There is no denying that he was successful at it.

How to have a $5 million dollar fortune............start with $10 million and go into business with Donald Trump.


----------



## sags

I remember years ago there was a guy on the old Donahue show on television.

He showed a wallet full of about 50 different credit cards and said his philosophy was to continue to apply for as many credit cards as he could get, and use them for tiny purchases which he repaid faithfully. The credit card companies would continually increase his credit limits..........and when he was ready to retire he planned to max out all of them and declare bankruptcy.

In real life, although morally corrupt it would be rather easy to plan and accomplish.

I know a guy who declared bankruptcy, leaving a long line of creditors behind him.

He owned nothing personally, but his wife and daughter owned a golf course, Quality Inn and a Tim Horton franchise, which everyone had always presumed he owned.

He even had a BMW roadster tucked away in the garage at the golf course.

For a penniless bankrupt he sure lived the "good life".


----------



## Beaver101

^ The less attention given to the Duck, the faster he can go away and shut down that ugly hotet-tower synonymous with his name, sitting in prime real estate in Toronto.


----------



## carverman

sags said:


> I remember years ago there was a guy on the old Donahue show on television.
> 
> He showed a wallet full of about 50 different credit cards and said his philosophy was to continue to apply for as many credit cards as he could get, and use them for tiny purchases which he repaid faithfully. The credit card companies would continually increase his credit limits..........and when he was ready to retire he planned to max out all of them and declare bankruptcy.
> 
> In real life, although morally corrupt it would be rather easy to plan and accomplish.
> I know a guy who declared bankruptcy, leaving a long line of creditors behind him.
> He owned nothing personally,
> He even had a BMW roadster tucked away in the garage at the golf course.
> 
> For a penniless bankrupt he sure lived the "good life".


That would be considered fraud in the US, and they have new laws now for declaring bankruptcy intentionally against that. Yes you can transfer everything to your wife and act as though you are penniless..as long as you trust that your wife will be with you to the end of your days..and you better be watching your `PEAS and QUEUES' as they say,
in order not to piss her off....tough enough to do for a lifetime...because lets face it... as men..we are "wired differently"..
and the good General can attest to that. :biggrin:


----------



## carverman

Beaver101 said:


> ^ The less attention given to the Duck, the faster he can go away and shut down that ugly hotet-tower synonymous with his name, sitting in prime real estate in Toronto.

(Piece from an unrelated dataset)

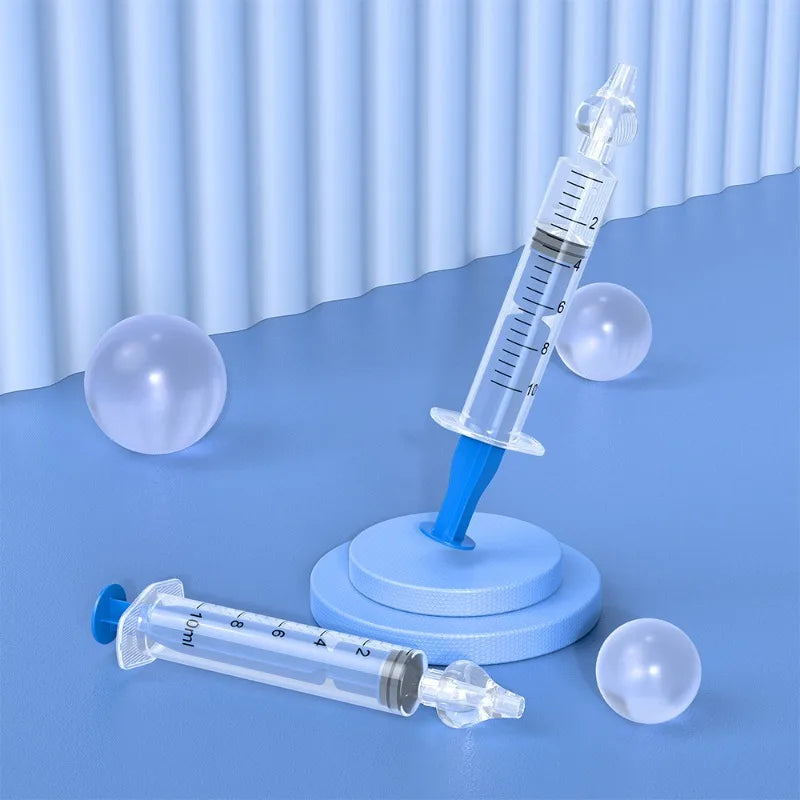 Silicone Baby Nasal Aspirator Syringe Baby Nose Cleaner Kids Rhinitis Nasal Washer Reusable Nasal Irrigator Washing for Children Jes Mart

He's the focus of attention right now... because of his announcing to run for President.. he is the focus of attention. 

If by* some remote chance* that should ever happen..he could be another "Putin", but on the capitalist side..
vs the "other side'..communist?..no... it's more like the oligarch side.

Right now it's like the game of Euchre...4 suites, the one-eyed jack, the man with the axe and the black queen...and IF you
"play dirty"..you can TRUMP your own partner too. So in the US election coming up..who is going to declare the running mates as TRUMP.
Not Hilary..not the others either..you can be sure that whoever gets on top of the pile may or may not be the eventual winner.
In the US, the popular vote doesn't count..it's the elec-troll college vote...the secret vote arranged during a " state recount" that will determine
who gets in as president.


----------



## Cal

I have got to wonder what his angle is, I mean does the Donald really think he will win, or is he trying to get some leverage on another candidate to owe him a favor for backing out and backing their run. There is an awful lot of $ at play with some of these favors...


----------



## carverman

Cal said:


> I have got to wonder what his angle is, I mean does the Donald really think he will win, or is he trying to get some leverage on another candidate to owe him a favor for backing out and backing their run. There is an awful lot of $ at play with some of these favors...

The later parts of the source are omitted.